Cap Go Meh Pematangsiantar 2026 Meriah, Barongsai dan Lampion Warnai Maha Vihara Vidya Maitreya

Rangkaian perayaan Imlek 2577 dengan penuh kemilau, Maha Vihara Vidya Maitreya di Jalan Pane, Kota Pematangsiantar. (foto:abdi/mistar)
Pematangsiantar, MISTAR.ID
Menutup rangkaian perayaan Imlek 2577 dengan penuh kemilau, Maha Vihara Vidya Maitreya di Jalan Ade Irma, Kota Pematangsiantar, berubah menjadi pusat lautan manusia pada malam Cap Go Meh, Sabtu (28/2/2026).

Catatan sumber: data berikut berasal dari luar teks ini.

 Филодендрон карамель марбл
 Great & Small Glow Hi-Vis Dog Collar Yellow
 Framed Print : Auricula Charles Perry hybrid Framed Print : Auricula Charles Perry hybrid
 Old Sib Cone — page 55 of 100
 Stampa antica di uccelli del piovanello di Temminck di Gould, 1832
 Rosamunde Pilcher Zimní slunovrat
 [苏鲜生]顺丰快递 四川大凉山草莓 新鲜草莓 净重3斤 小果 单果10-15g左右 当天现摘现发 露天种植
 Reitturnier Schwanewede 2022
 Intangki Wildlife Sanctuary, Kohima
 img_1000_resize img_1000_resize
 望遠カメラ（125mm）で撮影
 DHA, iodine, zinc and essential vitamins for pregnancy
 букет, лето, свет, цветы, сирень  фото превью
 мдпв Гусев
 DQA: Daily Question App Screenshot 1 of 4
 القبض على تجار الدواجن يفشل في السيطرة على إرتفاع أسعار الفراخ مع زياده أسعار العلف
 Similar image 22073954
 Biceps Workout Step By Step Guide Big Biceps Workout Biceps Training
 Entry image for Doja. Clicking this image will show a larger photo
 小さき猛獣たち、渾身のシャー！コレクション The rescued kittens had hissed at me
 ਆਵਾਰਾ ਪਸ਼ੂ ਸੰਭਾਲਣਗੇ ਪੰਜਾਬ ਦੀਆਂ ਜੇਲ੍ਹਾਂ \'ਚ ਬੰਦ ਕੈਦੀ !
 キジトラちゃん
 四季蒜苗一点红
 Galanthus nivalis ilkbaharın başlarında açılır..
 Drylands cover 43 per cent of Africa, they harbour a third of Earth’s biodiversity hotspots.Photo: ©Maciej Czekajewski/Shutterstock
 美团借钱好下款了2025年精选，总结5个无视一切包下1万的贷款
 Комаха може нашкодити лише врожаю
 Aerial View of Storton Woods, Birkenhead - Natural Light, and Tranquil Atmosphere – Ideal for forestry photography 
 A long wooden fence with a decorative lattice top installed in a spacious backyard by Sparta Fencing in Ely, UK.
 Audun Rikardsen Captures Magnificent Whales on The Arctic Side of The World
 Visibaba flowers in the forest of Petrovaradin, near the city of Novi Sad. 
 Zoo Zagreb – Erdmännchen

Ratusan umat Buddha bersama warga lintas etnis memadati area vihara untuk merayakan puncak festival yang melambangkan keberuntungan dan persatuan ini.
Sejak pukul 19.00 WIB, pelataran vihara tampak magis dengan pendaran ratusan lampion merah. Bagi masyarakat Tionghoa, lampion bukan sekadar hiasan, melainkan simbol penerangan jalan hidup menuju tahun yang lebih baik.
Karena bertepatan dengan akhir pekan, antusiasme warga tahun ini melonjak drastis. Maha Vihara Vidya Maitreya tidak hanya menjadi tempat ibadah, tetapi juga destinasi wisata religi bagi warga Siantar yang ingin merasakan atmosfer budaya yang kental.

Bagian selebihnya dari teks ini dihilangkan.